Scaling Preview Environments with Osiris

Jenkins X v3 now integrates Osiris to help you scale your preview environments

One of Jenkins X’s core features is the preview environments: temporary environments created automatically for each Pull Requests, to deploy your application and its dependencies. You can then use this preview environment to run integration tests, or manually use/test your application.

This is all great until you have more and more applications, each with a few dependencies (postgresql, mongodb, …) and a few opened pull requests at any time. This means that you’ll get more and more pods running in your Kubernetes cluster, in addition to Jenkins X’s own components, your build pipelines, and of course your staging and production applications - unless you are using multi-cluster. The result is that you’ll need more nodes or bigger nodes. Which means more money.

But, these preview environments are in fact idle most of the time: they are only used for the integration tests, and sometimes when someone manually uses them. The rest of the time - including all night for example - they are just staying there, idle, and consuming resources. What if we could easily scale them down when they are idle, and automatically bring them up when we need them? So that a Pull Request staying opened for 2 weeks because someone went on vacation won’t consume resources in your cluster.

Osiris

Enter Osiris! Initially created by the Deislabs team, Osiris is a Kubernetes component that will automatically scale down your “idle” pods, and scale them up when a request comes in. Although the original project has been archived, the Dailymotion team has taken over the maintenance of a fork. And they have been using it with success in their Jenkins X dev cluster for more than 2 years: they regularly have around 50 preview environments active at any time, and… 0 pods from these environments running at night - or on weekends. Coupled with a cluster autoscaler, it means that their Kubernetes cluster use between 3 and more than 20 nodes depending on the workload. Being able to scale down to a minimum number of nodes is a great benefit when using cloud resources.

How can you benefit from it in your own Jenkins X cluster?

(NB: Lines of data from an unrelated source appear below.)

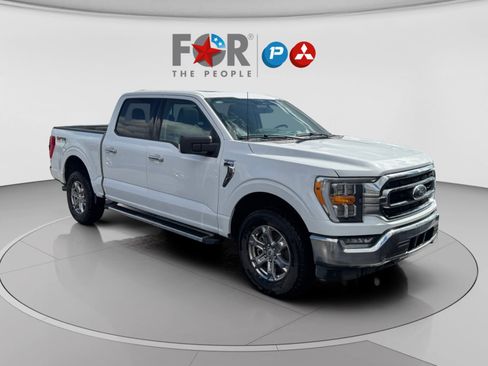 Used 2023 Ford F150 XLT w/ Equipment Group 302A High image 7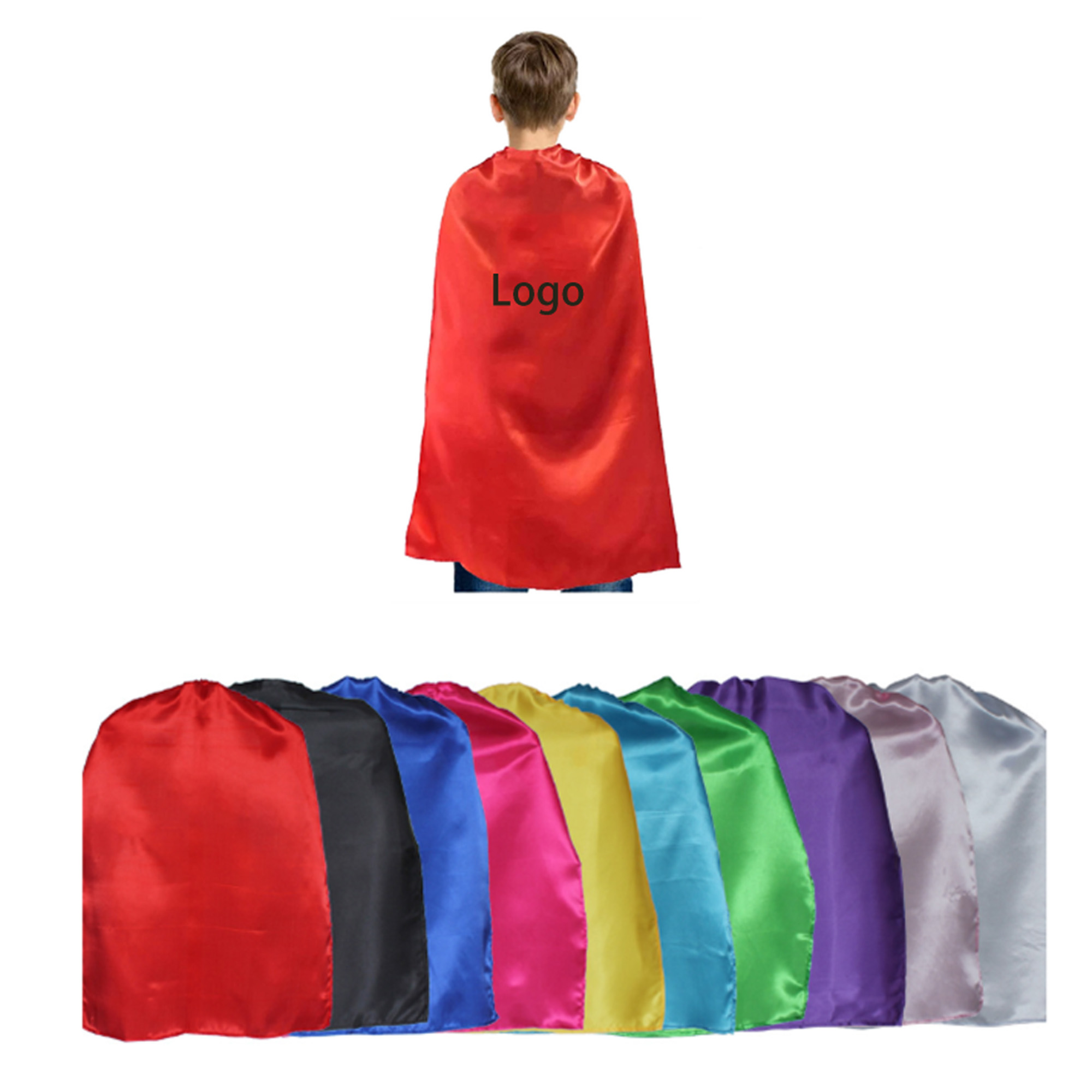 Customize Cape For Children 1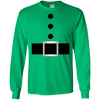 Image of Santa Claus Suit Costume Shirt Christmas Stocking Stuffer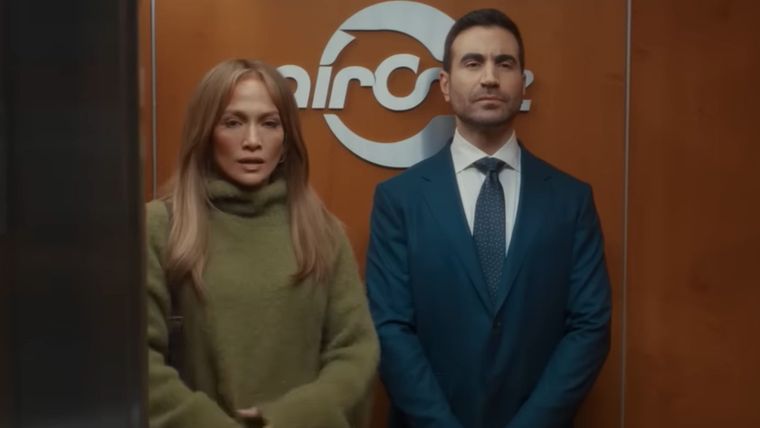 La actriz protagonizará una gran película.&nbsp;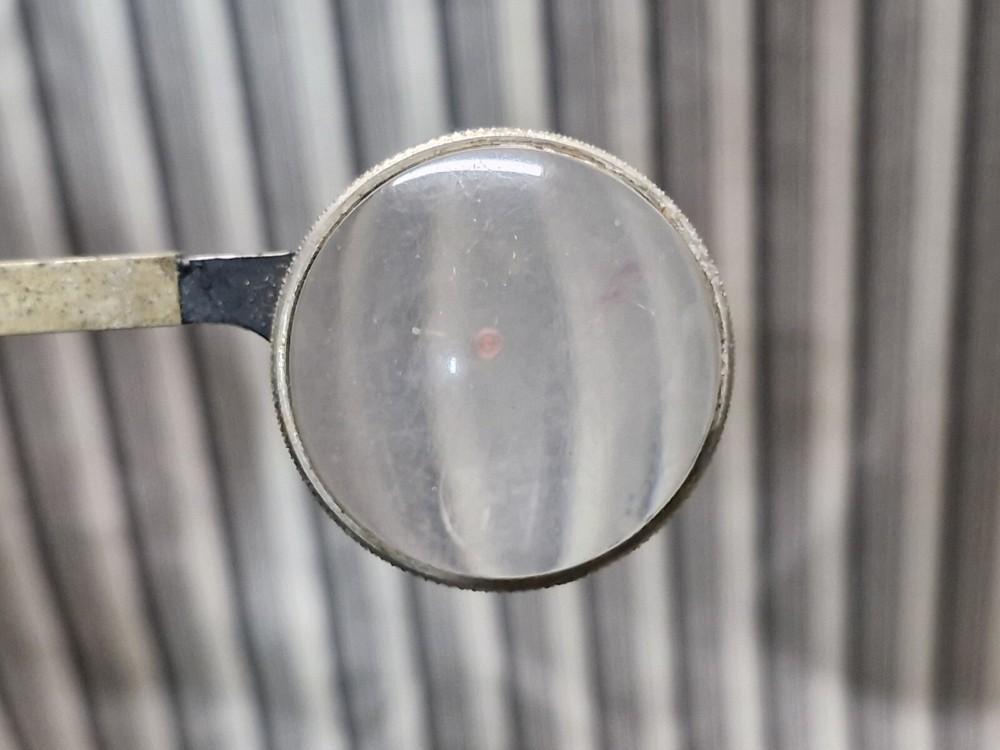 K+E Keuffel & Esser 43183 Compensating Polar Planimeter 4236 VTG Drafting Tool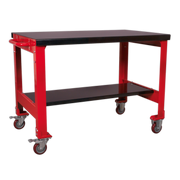 Sealey Mobile Workbench 2-Level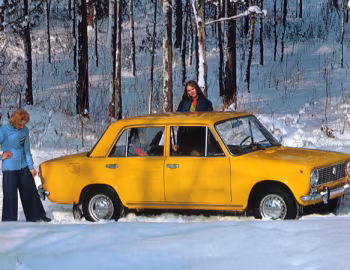 ВАЗ-2101 "Жигули" '1974–83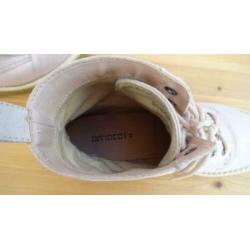 Superleuke Bergschoenen/ Booties Roze H&M Divided 38 Top st'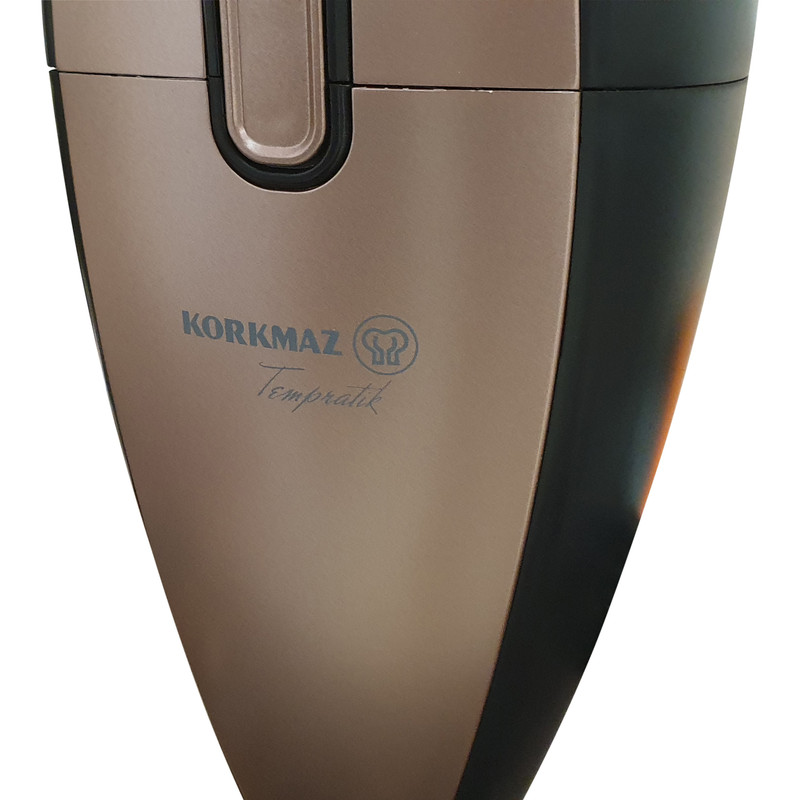 جارو شارژی کرکماز مدل tempratik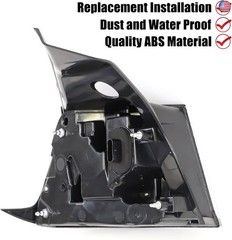 4-PIN Rear Tail Light Assembly Compatible With 2019-2024 Tesla Model Y Rear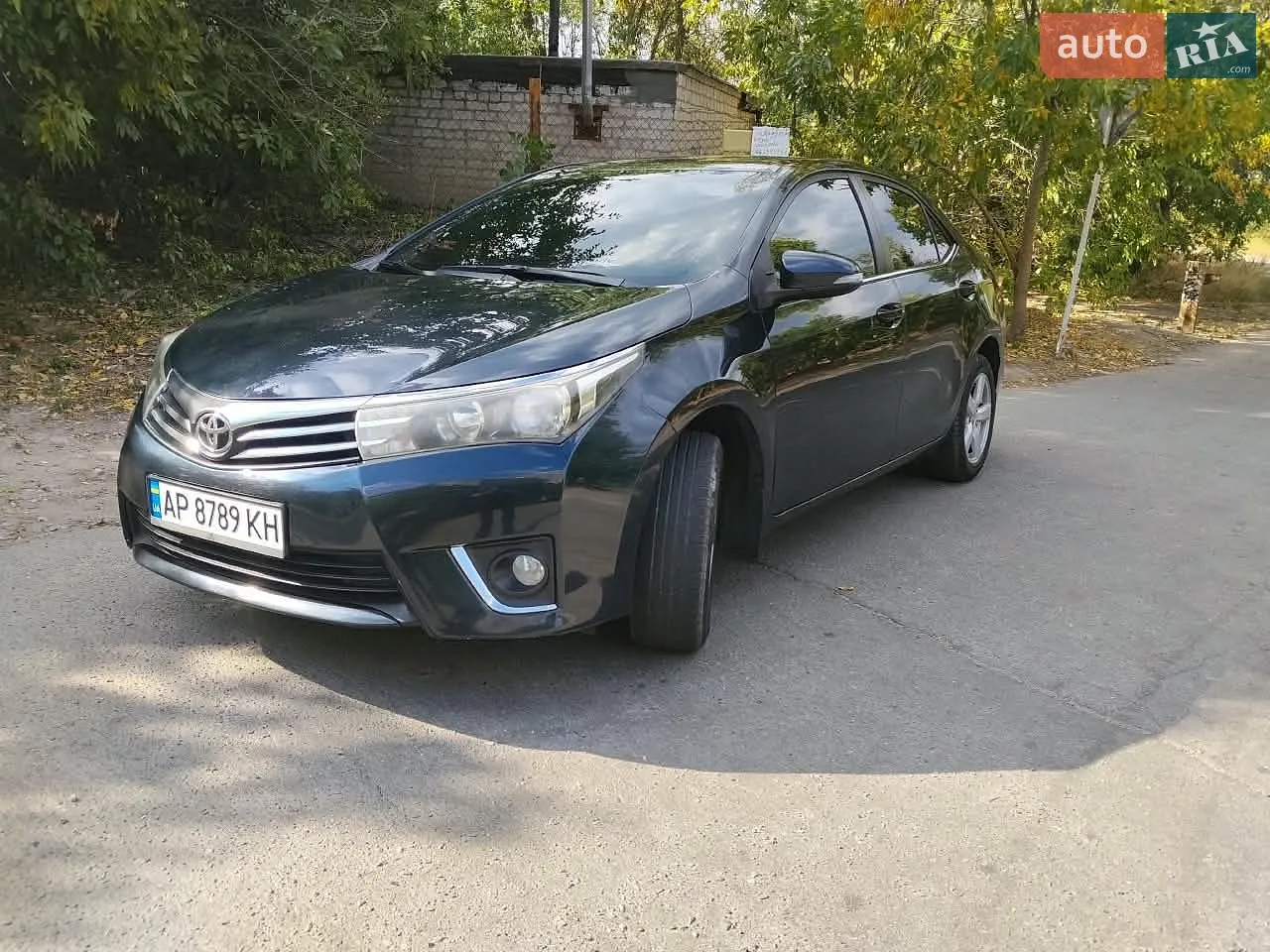 2013 Toyota Corolla - мініатюра 15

Note that if you store data, you’ll need to use persistent volumes (for postgresql, mongodb, …) so that you won’t lose your data after a scale down/up of your pods.

How does it work?

Osiris will automatically inject itself as a proxy in front of all the pods with the right annotation, so that it can see all requests for your pods. If it doesn’t see any request for a configurable amount of time - 10 minutes by default - it will scale down the deployment (or statefulset), and place itself behind the associated service. So that if a new request comes in, Osiris will be able to scale up the deployment (or statefulset), and then forward the request to the new pod.